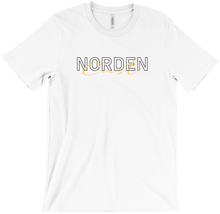 NordenCast v2 Tshirts LIGHT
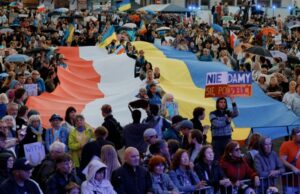 Зменшення кількості українських біженців у Польщі: свідчення Юлії та Людмили Українці-їдуть-із-Польщі.-Як-впливають-на-це-антиукраїнські-настрої?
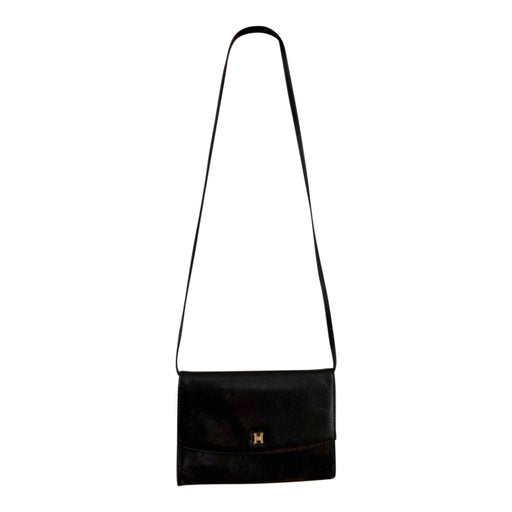 Sac à bandoulière Pourchet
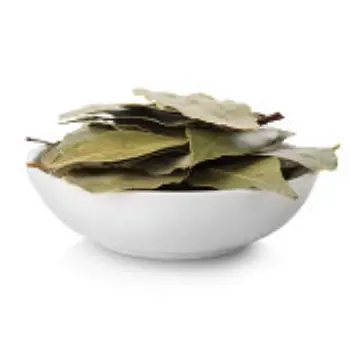  Organic Bay Leaf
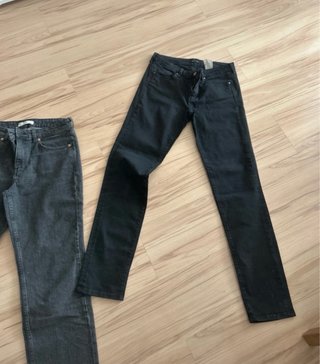 Pantalones Massimo Dutti Mujer Talla M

-------

__Task__: Make an exact copy of all entries above, dropping the images.

__Problem solution__:
 NordenCast v2 Tshirts LIGHT
 Зменшення кількості українських біженців у Польщі: свідчення Юлії та Людмили Українці-їдуть-із-Польщі.-Як-впливають-на-це-антиукраїнські-настрої?
 Sac à bandoulière Pourchet
  Organic Bay Leaf
 Pantalones Massimo Dutti Mujer Talla M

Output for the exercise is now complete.